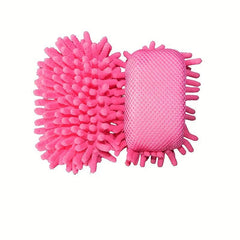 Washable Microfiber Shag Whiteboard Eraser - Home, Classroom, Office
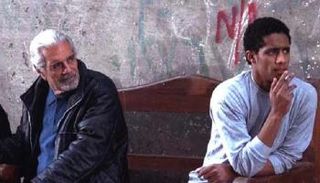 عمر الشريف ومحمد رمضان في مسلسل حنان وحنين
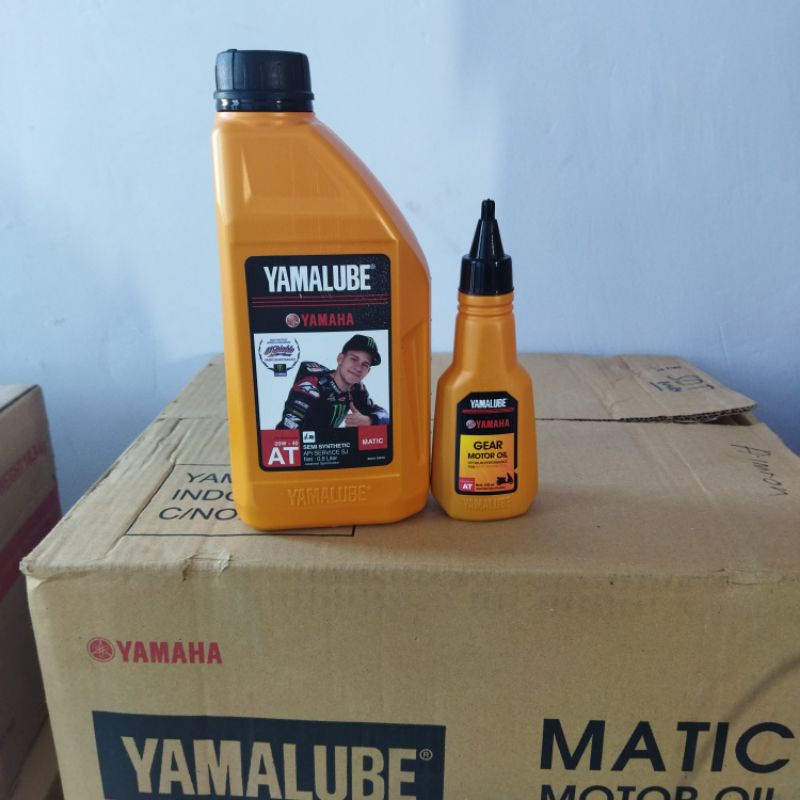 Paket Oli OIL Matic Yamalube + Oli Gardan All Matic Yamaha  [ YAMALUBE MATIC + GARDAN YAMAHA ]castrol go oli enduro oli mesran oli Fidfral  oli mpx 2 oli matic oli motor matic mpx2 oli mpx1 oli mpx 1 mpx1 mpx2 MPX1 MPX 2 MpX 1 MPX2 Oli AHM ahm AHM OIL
...
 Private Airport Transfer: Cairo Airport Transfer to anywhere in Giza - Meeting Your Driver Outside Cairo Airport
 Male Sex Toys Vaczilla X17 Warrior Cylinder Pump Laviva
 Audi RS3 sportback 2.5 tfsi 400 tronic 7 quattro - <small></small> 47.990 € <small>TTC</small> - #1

### Task to carry out:
Exactly the lines starting at the one above with "Washable Microfiber Shag" and ending at the one with "Paket Oli OIL" should be printed, and nothing else. Omit the pictures.

### Task answer:
 Washable Microfiber Shag Whiteboard Eraser - Home, Classroom, Office
 عمر الشريف ومحمد رمضان في مسلسل حنان وحنين
 Paket Oli OIL Matic Yamalube + Oli Gardan All Matic Yamaha  [ YAMALUBE MATIC + GARDAN YAMAHA ]castrol go oli enduro oli mesran oli Fidfral  oli mpx 2 oli matic oli motor matic mpx2 oli mpx1 oli mpx 1 mpx1 mpx2 MPX1 MPX 2 MpX 1 MPX2 Oli AHM ahm AHM OIL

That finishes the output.